Ces chiffres n’ont qu’une valeur indicative. Le type de charge de travail – plutôt des écritures ou plutôt des lectures, plutôt des accès aléatoires ou plutôt des accès séquentiels – influence énormément les performances. Cela dit, le degré d’accélération obtenu en NVMe, par rapport aux SSD SAS et SATA, ne change pas.
À écouter
Demartek Founder Dennis Martin explique le NVM Express et le NVMe-oF, et pourquoi les administrateurs du stockage des données ont besoin de garder à l'oeil ces protocoles.
L’explosion du NVMe-over-Fabrics
Le protocole NVMe est limité à une machine et aux SSD qui sont rattachés à son bus PCIe. Sur le terrain, les entreprises préfèrent toutefois utiliser des infrastructures SAN qui regroupent les disques de tous les serveurs dans une baie installée en réseau. C’est à cette fin que le groupe NVM Express a développé une seconde spécification : NVMe-over-Fabrics, alias NVMe-oF.
Cette norme, publiée en juin 2016, consiste à pouvoir véhiculer les commandes du protocole NVMe sur des réseaux Ethernet, InfiniBand ou Fibre Channel, de sorte à faire communiquer le bus PCIe d’un serveur avec le bus PCIe d’une baie de stockage. 90 % des commandes NVMe et NVMe-oF sont identiques. Chaque réseau augmente nécessairement la latence de par la présence des différentes couches de son infrastructure, mais les performances brutes des SSD sont exploitées. Ainsi, pour atteindre le nombre d’IOPS dont aurait besoin une application, il est possible d’utiliser des baies de disques avec beaucoup moins de SSD NVMe que le nombre de disques durs qu’elles proposent d’habitude.

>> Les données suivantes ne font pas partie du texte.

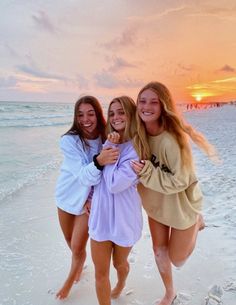 three girls are posing on the beach at sunset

La spécification NVMe-oF est générique. Elle est implémentée en diverses spécifications selon trois méthodes de communication. La première à avoir été implémentée est celle qui passe par des cartes réseau capables d’utiliser le RDMA, en l’occurrence les cartes Infiniband ou RDMA-over-Converged Ethernet (RoCE). On parle dans ce cas de NVMe-over-Infiniband ou de NVMe-over-RoCE (abrégé en NVMe/RoCE). La seconde est celle qui passe par les cartes contrôleur Fiber Channel, qui ont leur propre moyen de dialoguer directement en mémoire avec le système hôte. On parle de NVMe-over-FC (NVMe/FC).

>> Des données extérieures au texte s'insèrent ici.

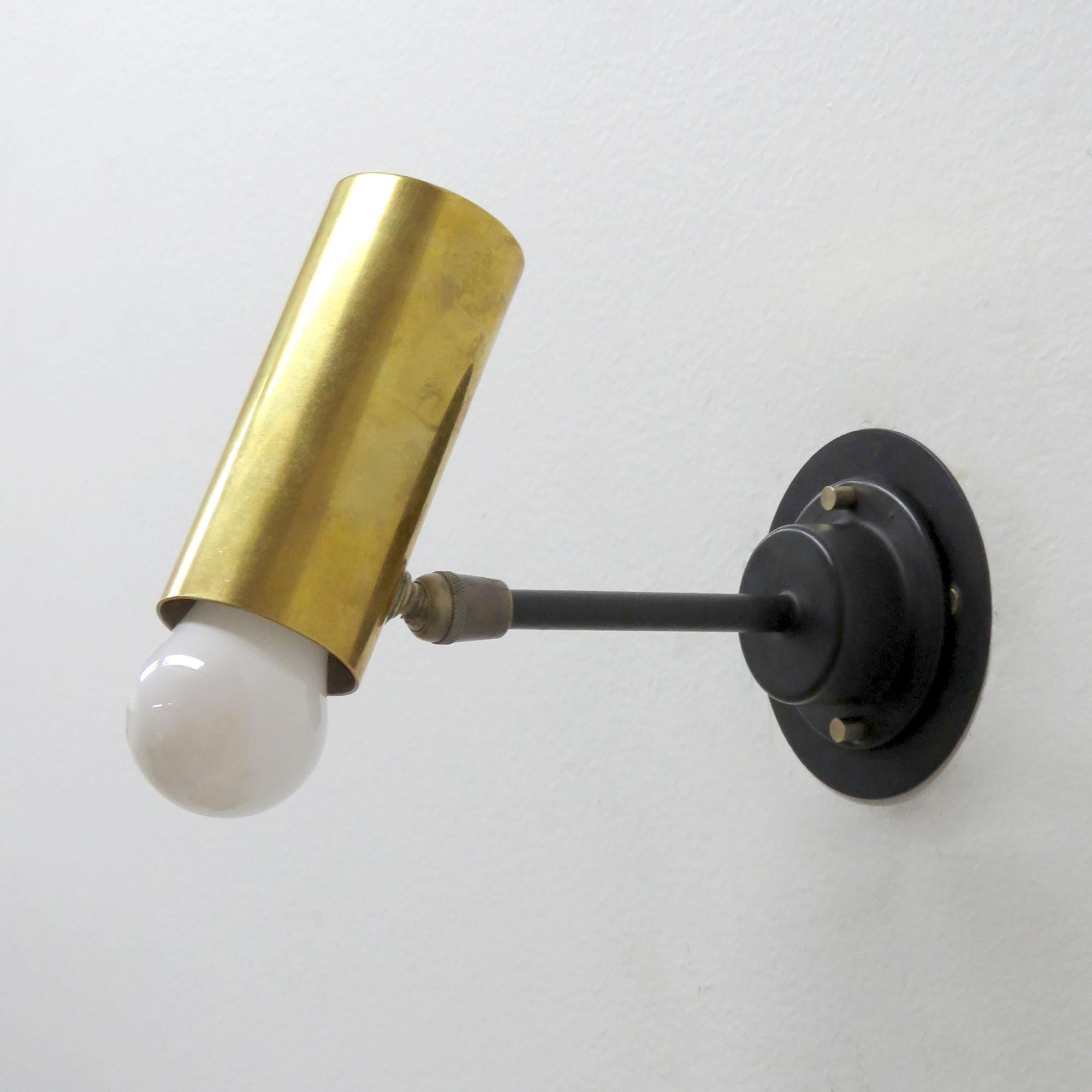 Elegant articulate wall lights, in brass and black enameled metal, swivel joint at the cylinder, complementary detachable shade extensions in black (not shown) & custom US back plate. Wired for US standards, one E27 socket per fixture, max. wattage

La dernière, définie en 2019, est celle qui passe par le protocole TCP du système d’exploitation hôte. NVMe-over-TCP (NVMe/TCP) est l’implémentation la moins performante, car elle n’utilise aucune forme de RDMA, mais elle présente l’avantage de fonctionner avec un réseau Ethernet de base, c’est-à-dire avec un coût minime.